Our world advances not from the individual’s observation that macadamia nuts are the favored aphrodisiac of space aliens from the planet Zoltan, but from his or her ability to provide proof for such an assertion. Lacking this proof, we’re under no obligation to credit the statement.

By its very nature, religion is unable to provide such reality-based proof for its assertions, which are accepted by adherents on the basis of faith.

When it comes to living together as a community, and because there can be no demonstrable advantage with respect to proof on the part of one system of religious beliefs compared to another, a civil society that purports to respect and protect the consciences of all its members seeks not to promote one set of religious beliefs over the other.

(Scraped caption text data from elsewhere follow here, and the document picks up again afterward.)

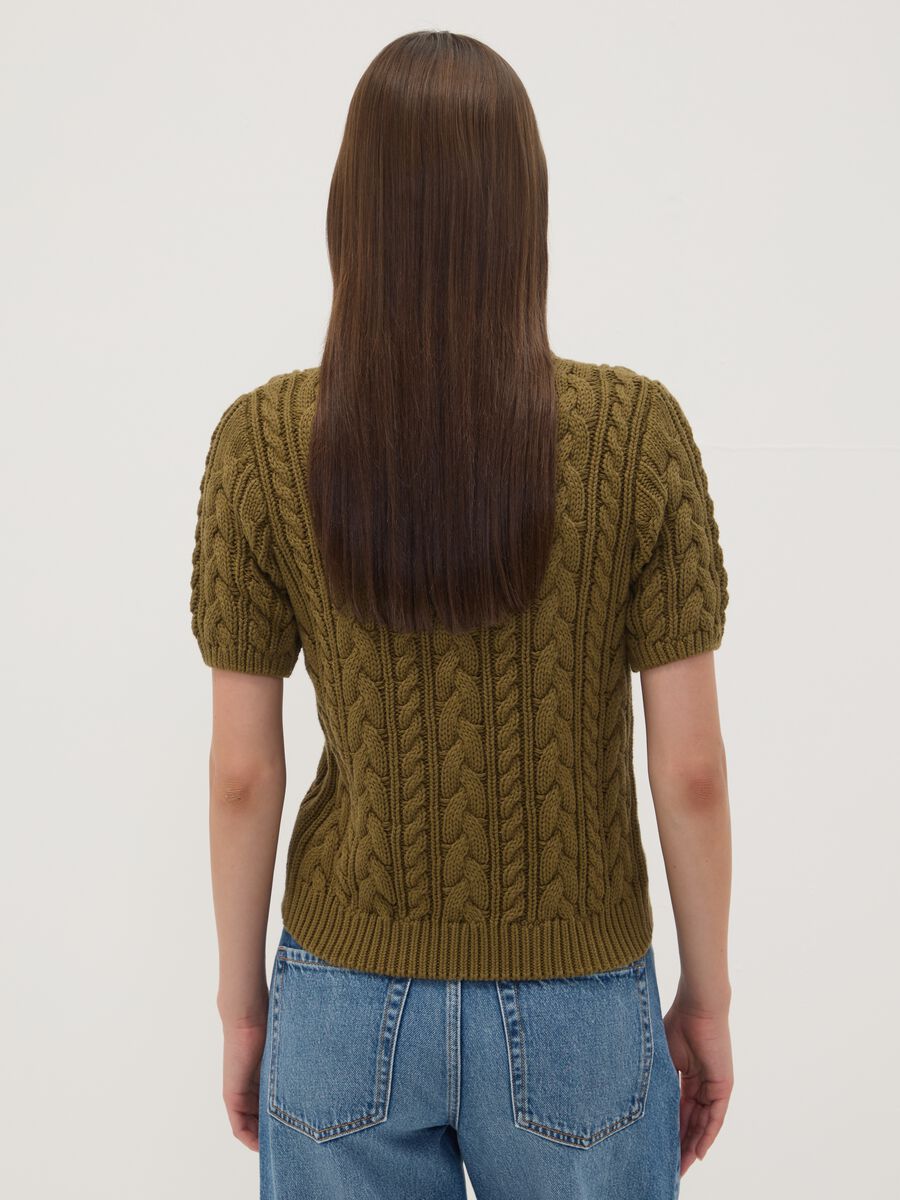 Green cable-knit pure cotton cardigan, regular fit_3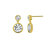 Double Bezel Dangle Earrings - Yellow Gold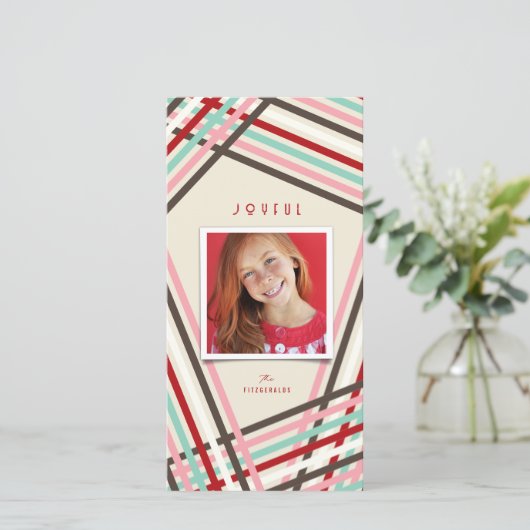 うれしそうなカラフルフェスティバルとおもしろいリボンのストライプ写真 シーズンカード (スタンド正面)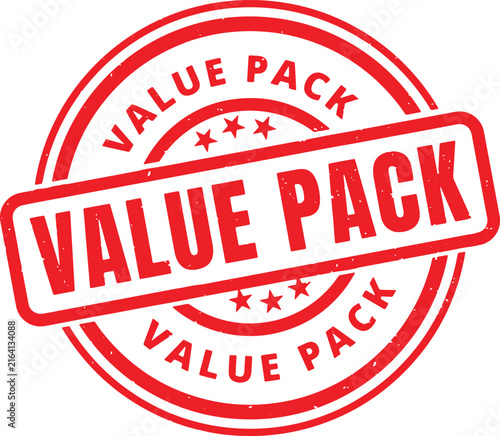 VALUE PACK red rubber stamp text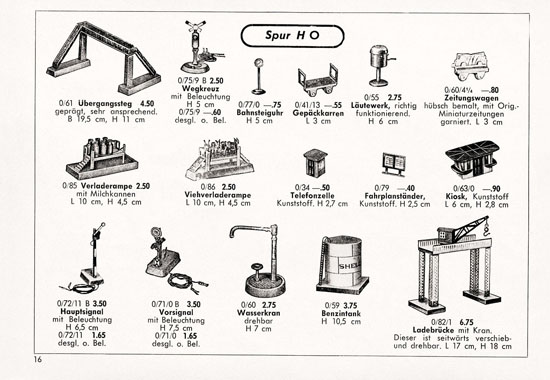 Seite 16 Kibri Modellbahn-Zubehör Katalog 1958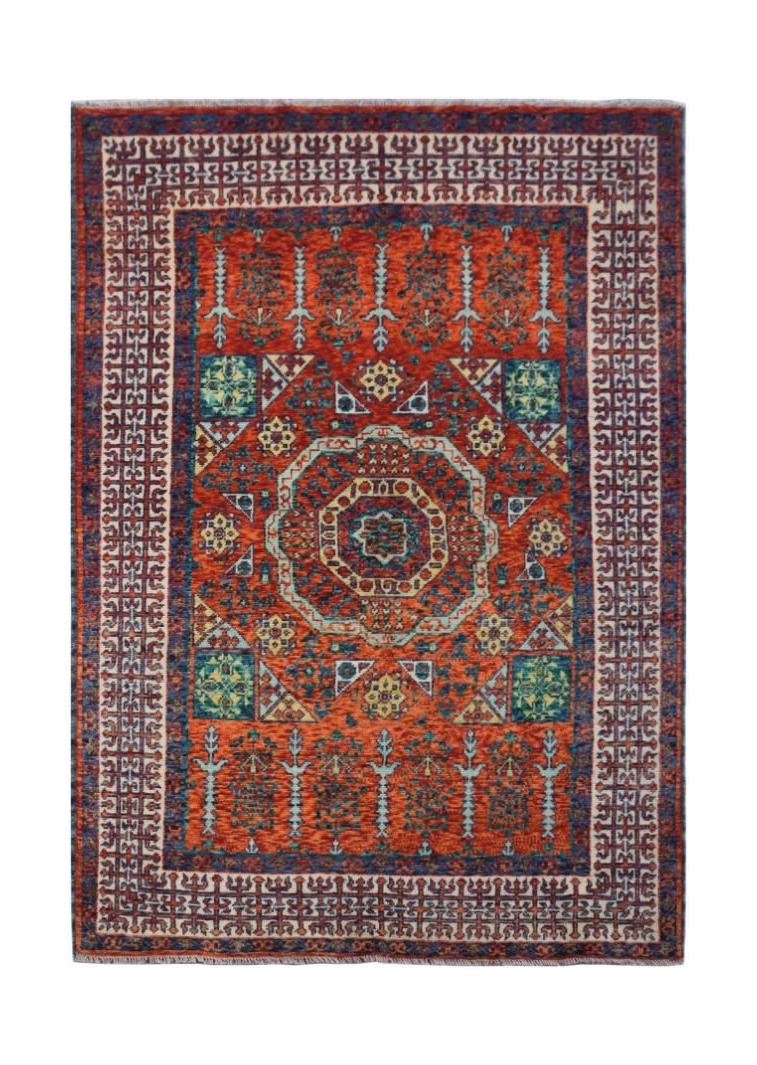 Handmade Afghan Chobi rug featuring a central medallion and geometric patterns in red and blue.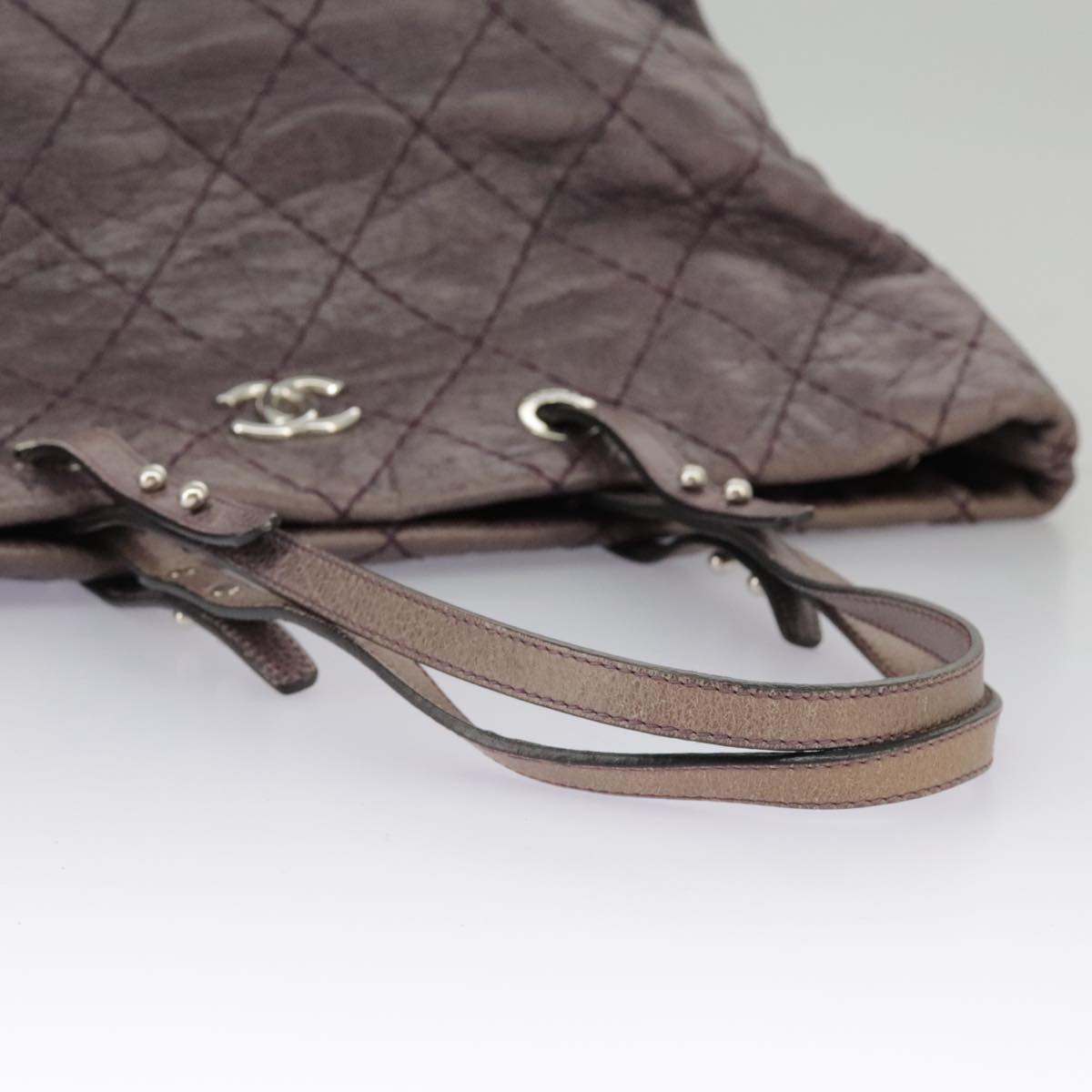 CHANEL Wild Stitch Tote Bag Leather Purple Silver CC bs19398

That’s my America. Imperfect, muddled, often infuriating in its inconsistency, but possessing an ideal worth striving toward.

Unfortunately, it is not Chris’s.

He begins with this sentence:

“I believe in God and in his son, Jesus Christ. I am a proud member of St. Mary’s Catholic Church, consider myself a Christian, and believe in the power of prayer.”

From this admirable statement of personal belief, Chris promptly ventures from the specific to the general:

“I have become a minority in the United States of America … for some reason we are not supposed to pray … we have been so worried about being politically correct that we have turned our backs on what has made this country great – Christian values, morality and faith in God.”

But, later he qualifies:

“I am not a fan of television evangelists, and I detest those who try to tell us what is right and what is wrong. I do not consider myself part of the Christian Right.”

Chris’s pretzel logic is amplified at this juncture, for certainly he does not detest himself?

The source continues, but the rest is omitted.